### WORK REQUIRED
Wherever an image appears in the data, omit it and copy all the remaining text word for word.

### AVAILABLE DATA
======

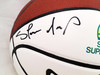 Gary Payton & Shawn Kemp Autographed White Logo Basketball Seattle Supersonics (Smudged) Beckett BAS QR #BF05051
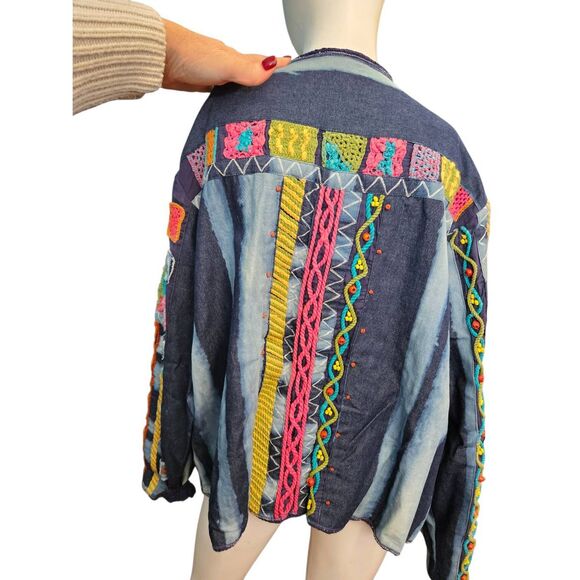 Coldwater Creek Embroidered Colorful Chambray Jacket Womens Size 2X - Picture 4 of 8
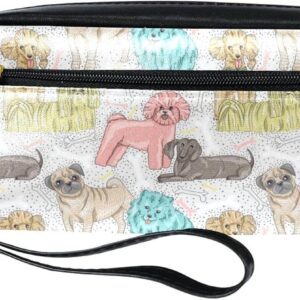 Cosmetic Bags for Women, Makeup Bag Travel Toiletry Bag Accessories Organizer, Pet Dogs Poodle Pug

======

### RESPONSE TO THIS EXERCISE
 Gary Payton & Shawn Kemp Autographed White Logo Basketball Seattle Supersonics (Smudged) Beckett BAS QR #BF05051
 Coldwater Creek Embroidered Colorful Chambray Jacket Womens Size 2X - Picture 4 of 8
 Cosmetic Bags for Women, Makeup Bag Travel Toiletry Bag Accessories Organizer, Pet Dogs Poodle Pug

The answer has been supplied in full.